### THE INPUT
+--

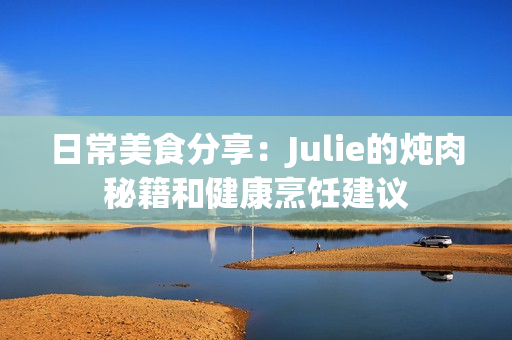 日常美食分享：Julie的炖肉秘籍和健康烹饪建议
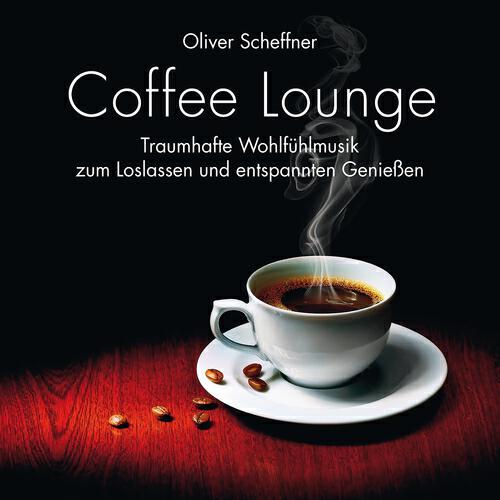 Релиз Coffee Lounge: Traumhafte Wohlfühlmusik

+--

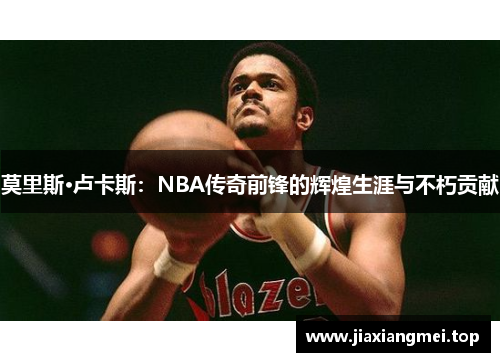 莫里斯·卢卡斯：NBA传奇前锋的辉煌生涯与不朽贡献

+--

### WORK TASK
Output exactly those lines of the data above that run from the line with "日常美食分享：Julie的炖肉秘籍和健康烹饪建议" up to and including the line with "Релиз Coffee Lounge: Traumhafte". No pictures go in.

### RESULT OF THIS TASK
 日常美食分享：Julie的炖肉秘籍和健康烹饪建议
 Релиз Coffee Lounge: Traumhafte Wohlfühlmusik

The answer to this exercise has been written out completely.